The Kansas City Catholic Diocese is defending itself against a groundbreaking lawsuit involving the alleged distribution of child pornography.
The attorney representing a family suing the Kansas City Catholic Diocese says this is the first time that someone has sued the Catholic Church for violating federal child pornography laws.
“The (federal) law has pretty severe penalties for anyone who holds or views or otherwise distributes any kind of pornography. And we believe that the allegations against the diocese fall clearly and firmly within (the federal) law,” attorney Rebecca Randles told KCTV’s Stacey Cameron.
The allegations center around a Kansas City priest and how the diocese handled complaints about Shawn Ratigan, including the discovery of a picture of a naked girl on his personal laptop. The priest was living at the Sisters of St. Frances of the Holy Eucharist in Independence when he was arrested in May.
The 45-year-old Ratigan has been charged in Clay County Circuit Court with violating Missouri child pornography laws. Prosecutors allege that Ratigan took lewd pictures of young girls, which police in court documents say they found uploaded on his personal computer and a church computer.Ratigan has pleaded not guilty.
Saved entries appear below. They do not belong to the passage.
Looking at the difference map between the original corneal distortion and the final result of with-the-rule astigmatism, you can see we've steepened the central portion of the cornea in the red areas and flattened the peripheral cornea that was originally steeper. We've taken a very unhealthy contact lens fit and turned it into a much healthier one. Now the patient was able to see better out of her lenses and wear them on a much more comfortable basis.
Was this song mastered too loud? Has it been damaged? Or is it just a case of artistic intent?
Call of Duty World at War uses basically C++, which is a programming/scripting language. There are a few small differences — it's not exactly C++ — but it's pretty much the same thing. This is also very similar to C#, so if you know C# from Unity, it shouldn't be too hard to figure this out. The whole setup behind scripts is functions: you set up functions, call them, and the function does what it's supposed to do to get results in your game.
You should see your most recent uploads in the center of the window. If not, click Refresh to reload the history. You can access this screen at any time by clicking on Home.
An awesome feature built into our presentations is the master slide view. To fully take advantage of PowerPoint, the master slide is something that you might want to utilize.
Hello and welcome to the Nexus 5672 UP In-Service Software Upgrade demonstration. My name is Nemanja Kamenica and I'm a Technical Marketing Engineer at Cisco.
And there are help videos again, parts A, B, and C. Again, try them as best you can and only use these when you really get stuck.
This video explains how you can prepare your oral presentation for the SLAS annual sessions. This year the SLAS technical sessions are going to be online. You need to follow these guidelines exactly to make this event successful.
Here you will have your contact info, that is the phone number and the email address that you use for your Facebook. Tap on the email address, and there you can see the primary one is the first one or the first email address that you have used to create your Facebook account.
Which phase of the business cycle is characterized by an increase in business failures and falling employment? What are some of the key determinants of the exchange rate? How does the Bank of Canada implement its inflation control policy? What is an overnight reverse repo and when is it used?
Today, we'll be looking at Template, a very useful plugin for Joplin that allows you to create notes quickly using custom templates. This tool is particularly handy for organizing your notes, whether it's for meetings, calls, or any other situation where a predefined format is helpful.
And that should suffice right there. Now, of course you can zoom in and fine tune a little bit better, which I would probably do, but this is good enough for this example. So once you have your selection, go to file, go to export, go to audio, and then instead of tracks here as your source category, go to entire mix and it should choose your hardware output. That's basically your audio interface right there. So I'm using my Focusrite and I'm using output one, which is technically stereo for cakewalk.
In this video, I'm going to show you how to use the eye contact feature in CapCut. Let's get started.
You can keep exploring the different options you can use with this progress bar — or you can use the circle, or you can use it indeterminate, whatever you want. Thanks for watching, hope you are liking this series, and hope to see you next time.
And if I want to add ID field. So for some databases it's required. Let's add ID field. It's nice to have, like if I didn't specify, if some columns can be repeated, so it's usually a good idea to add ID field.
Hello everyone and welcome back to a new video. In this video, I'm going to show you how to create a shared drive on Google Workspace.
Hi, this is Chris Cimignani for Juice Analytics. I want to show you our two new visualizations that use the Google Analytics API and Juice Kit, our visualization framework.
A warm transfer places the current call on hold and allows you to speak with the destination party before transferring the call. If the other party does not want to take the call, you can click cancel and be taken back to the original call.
Finn previously has said he made some failings in the case, including saying that he unaware that a principal had complained about Ratigan’s behavior around children more than a year before Ratigan was arrested. Finn has tapped former U.S. Attorney Todd Graves to investigate the diocese’s handling of the case.
Ratigan is accused of taking nude pictures of a three-year-old girl and four-year-old girl, according to court documents. Randles also alleges that child pornography was found on a camera owned by Ratigan.
In December, Ratigan took his personal laptop in for repairs and a computer technician discovered pornographic images of girls on the laptop, including pictures of girls’ vaginas, according to court documents.
The computer repairman alerted the diocese to the images. Church officials then asked a diocese computer technician to review the laptop, according to police investigators. Copies of the image were made but the laptop was turned over to Ratigan’s family, who then destroyed the laptop, according to investigators. A church official in December described a single picture over the phone to a police officer, investigators have said.
The diocese didn’t give the images to police until May. In the ensuing five months, Ratigan remained with the diocese. Diocese officials have said they contacted police in May after Ratigan ignored warnings to stay away from children.
Finn has apologized for his actions.